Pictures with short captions
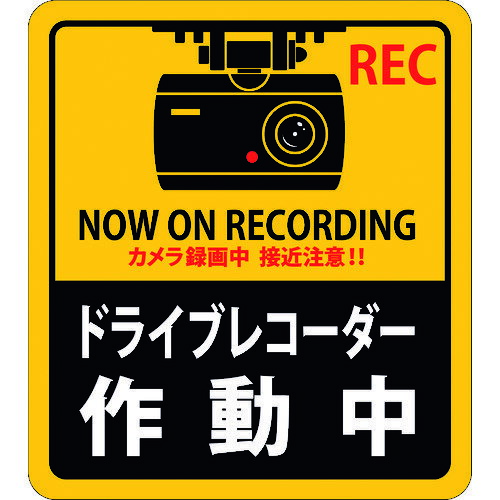 ¨Ǽ߸ʡۡľн 047131 ƥåɸ ɥ饤֥쥳ư Ž131 180160mm 2 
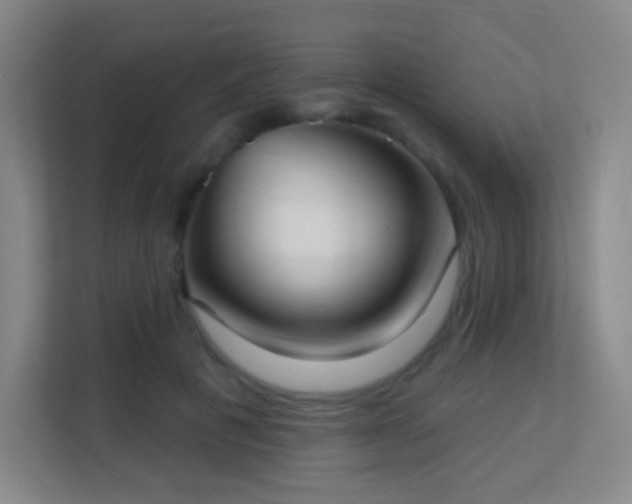 X0000113160601200909111016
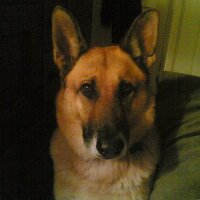 CH (@chrisridgehart) 's Twitter Profile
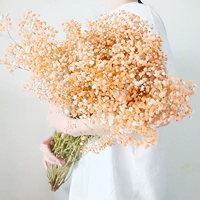 Оранжевая звезда, полная звезд - очень большая куча - 2 котла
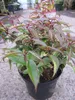 Traubenheide Makijaz - Leucothoe fontanesiana Makijaz - Produktbild-Vorschau 2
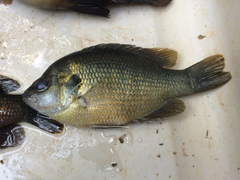 Lepomis miniatus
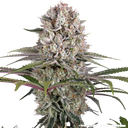 Amnesia Haze | PHOTOFEM | Barneys Farm - Freigestellt 2026-05-31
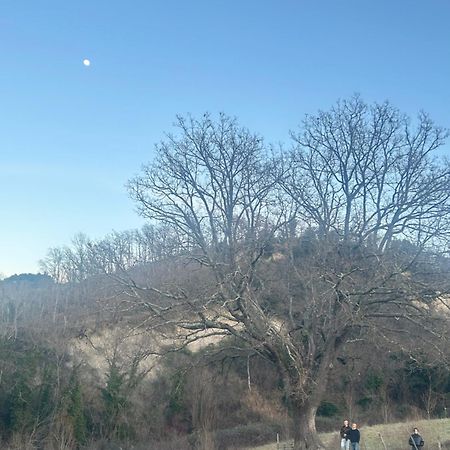 Agriturismo Val Di Tufo Montalcino Zewnętrze zdjęcie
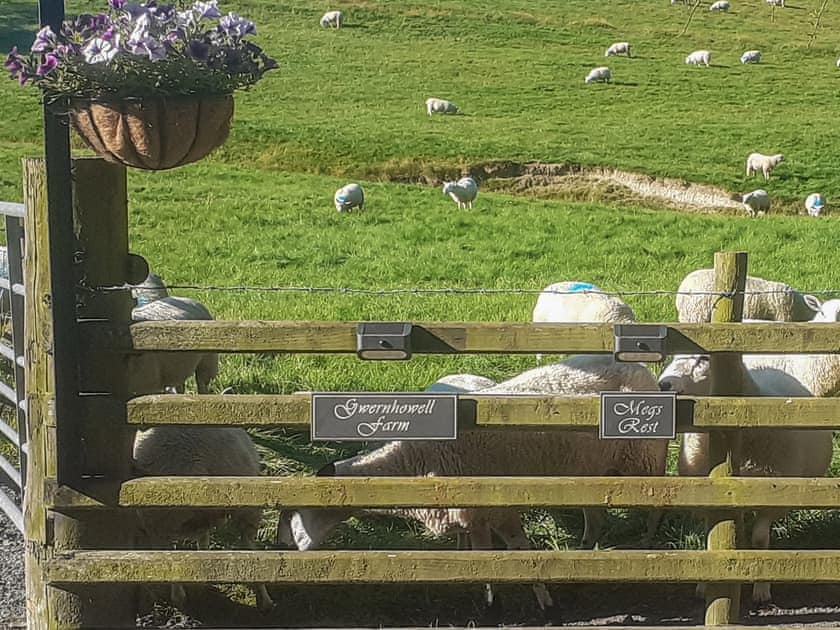 Surrounding area | Meg’s Rest, Bettws Cedewen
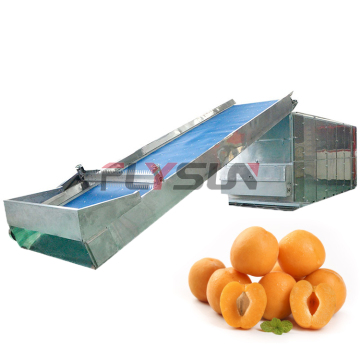 Apricots and Fruit Drying Machines in Pakistan: Cardamom and Hops Dryer Equipment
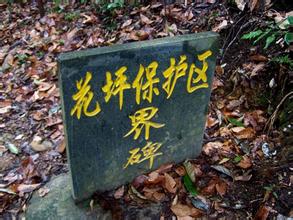 龙胜花坪自然保护区天气 龙胜花坪自然保护区天气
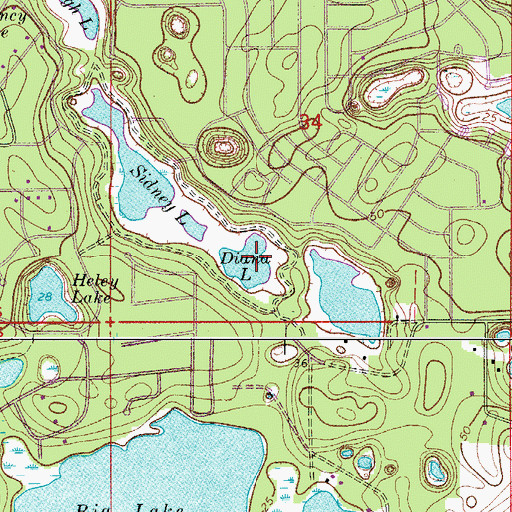 Topographic Map of Diana Lake, FL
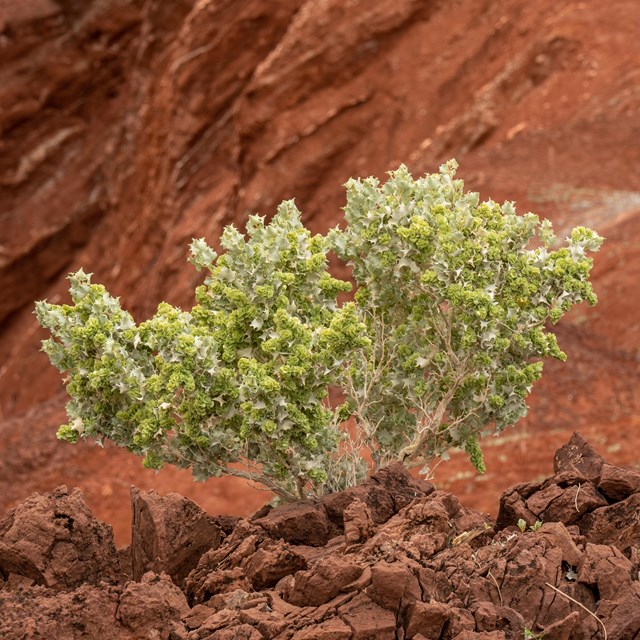 A desert holly in the middle of the desert.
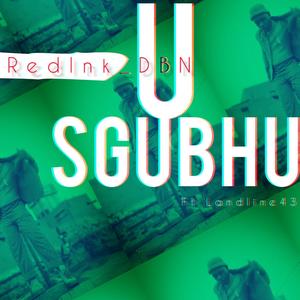 Sgubhu (feat. Landline43 & RedInk_DBN)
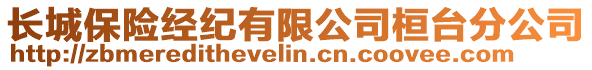 長(zhǎng)城保險(xiǎn)經(jīng)紀(jì)有限公司桓臺(tái)分公司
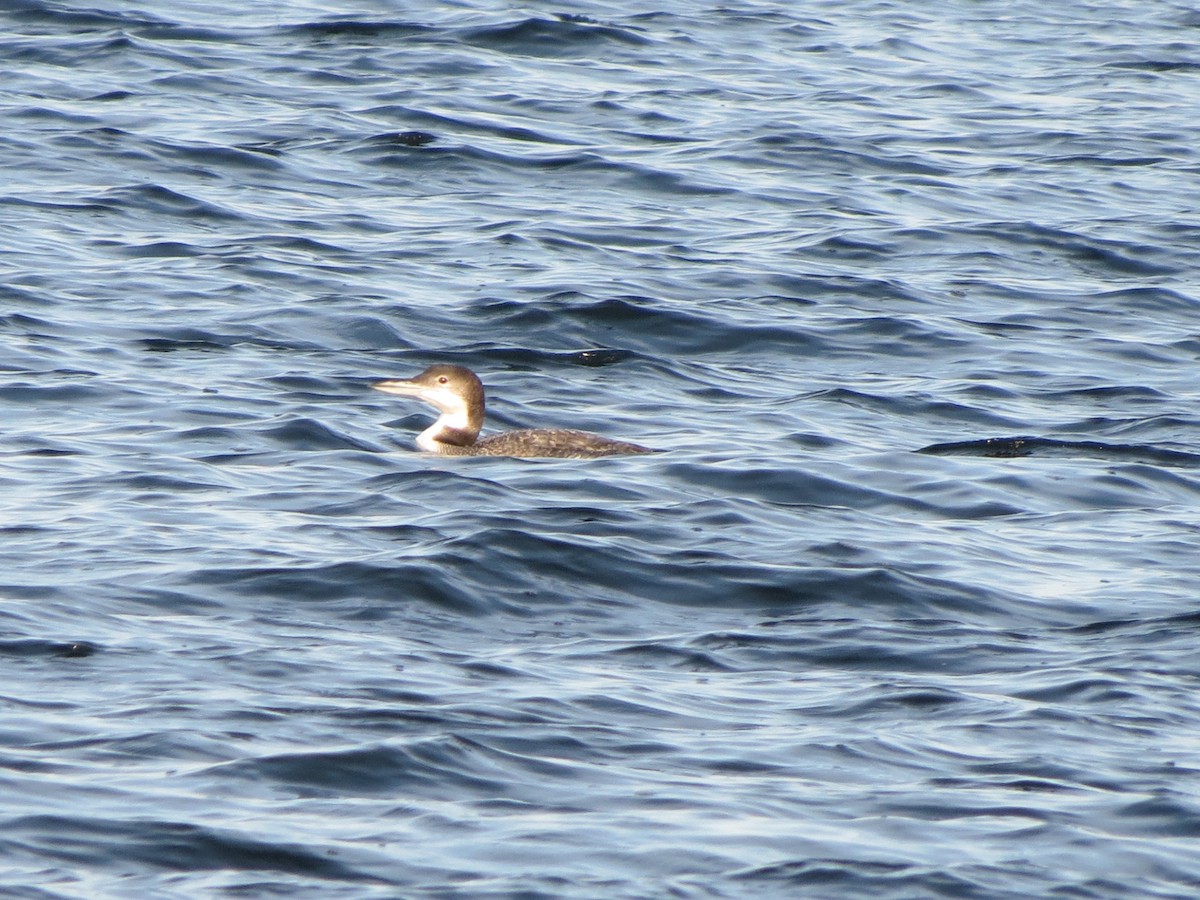 Common Loon - ML646553557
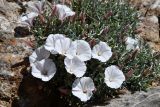 Convolvulus spinifer. Цветущее растение. Киргизия, Баткенская обл., Баткенский р-н, окр. с. Самаркандык, Туркестанский хр., горы Сары-Тоо, ур. Шодемир, ущ. Занкур, окр. пещеры Кон-и-Гут, обнажение серых кристаллических известняков. 7 мая 2025 г.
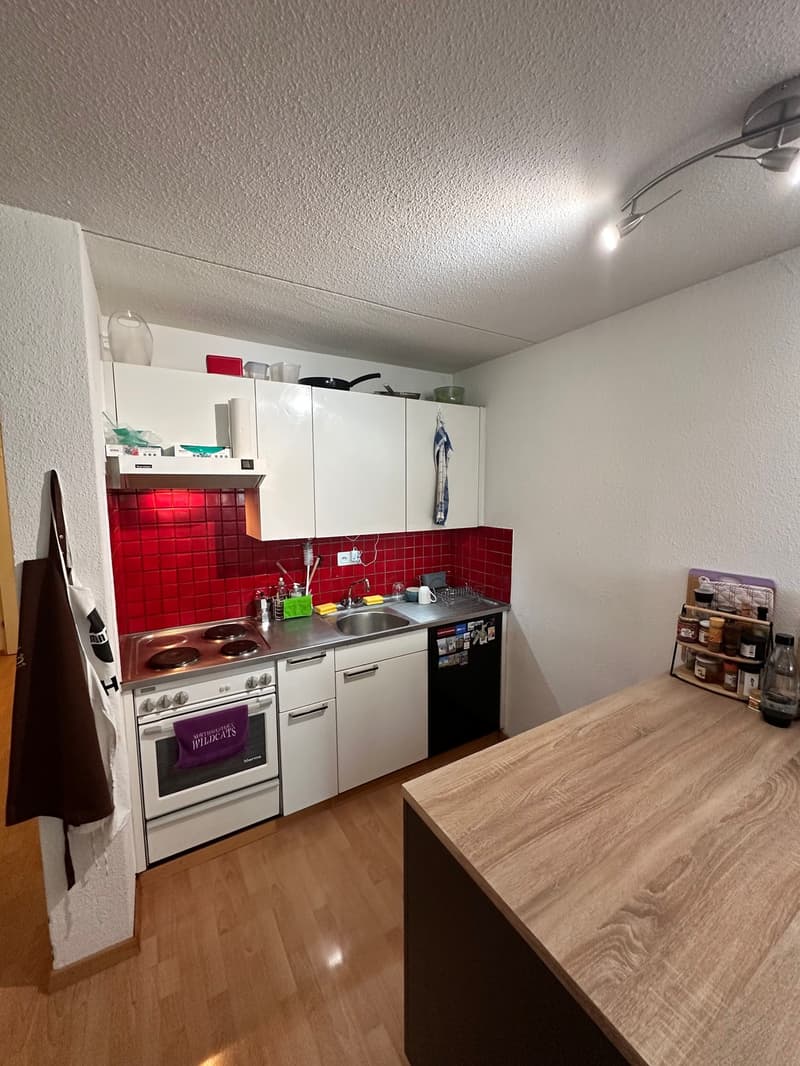 Studiowohnung ideal für Studenten und PhDs an der ETH (4)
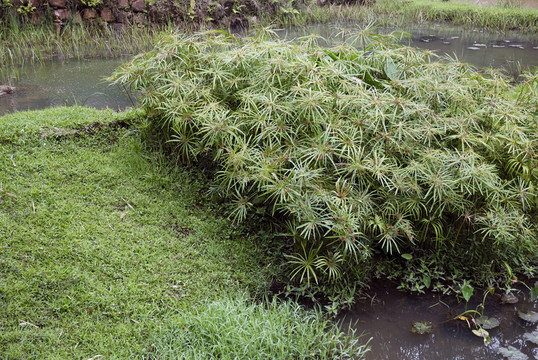 海南三亞呀諾達熱帶雨林濕地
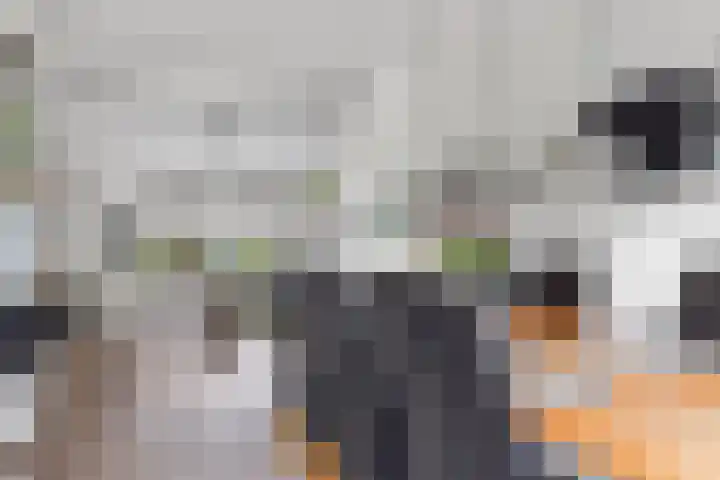 Elzenlaan 131 Groningen thumbnail 14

● **WHAT IS EXPECTED**
For the entries above, the output must hold exactly the lines from the one with "海南三亞呀諾達熱帶雨林濕地" through the last line, both included, and no pictures.

● **OUTPUT BELOW**
 海南三亞呀諾達熱帶雨林濕地
 Elzenlaan 131 Groningen thumbnail 14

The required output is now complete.